The workshop was held on July 13, 2018 during a new moon.  It took place at Castle Rock which is a large limestone pillar landmark in Gove County, Kansas. The formation and the nearby badlands are located in the Smoky Hills region of Kansas, which is approximately 11 miles south of I-70 near Quinter, Kansas.

We booked rooms at a Super 8 in Wakenny, KS, a little town approximately 30 miles east of our proposed location shoot.  We all met at 6 PM with the instructor in the lobby to go over the basics and camera settings we were going to need to capture the Milky Way.  It was touch and go as there were thunder storms, with lightning and rain all around us.  There was moderate to heavy cloud coverage in the area we were going to which could have blocked any chances of getting a good shoot of the stars and Milky Way.
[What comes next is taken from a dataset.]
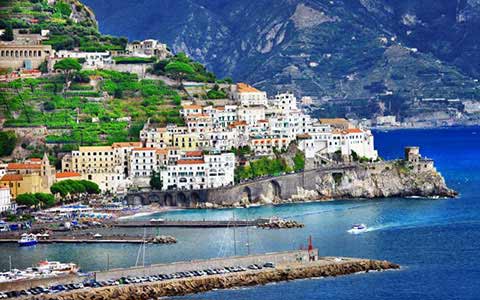 luxury yacht transfers Amalfi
Our location shoot was on private range land but the landowners are amenable to visitors and no special permission is required. The two rut path leading back from the dirt road is quite rough, portions of the track having up to 18 inch deep ruts. It takes some careful driving, but you can do it in a car, but a SUV or light truck works much better.

The Castle Rock limestone, chalk and shale formation is fragile and may not last many more years. The tallest spire fell following a thunderstorm in 2001. But there is still a lot to see here. I found the badlands area just south of Castle Rock to be more interesting.  We got there around 7pm and selected our location for the Milky Way Shoot.  We were all on a burm lined up in a row.  Good time to take some shots of the area while waiting to see if the clouds were going to move out and if the Milky Way would show itself. This first image was taken with a Fujifilm X-T2 and a 18-135mm lens.  I shot this at f/8, 1/800 second shutter speed and ISO at 400.  My focal length was 21mm and the camera was hand held.  Note, that the shutter speed was higher than the focal length which really helps freeze any movements from hand-holding.  Keep in mind this was a mirror-less camera so there was no shutter movement to deal with. It was taken at 7:57PM (6:57PM actual day-light time)  In this shot I am facing north-west.  You can see by the clouds and the storm south of our location and it was moving east.  The sun coming from the west was reflecting light behind all the storm clouds which made for this shot.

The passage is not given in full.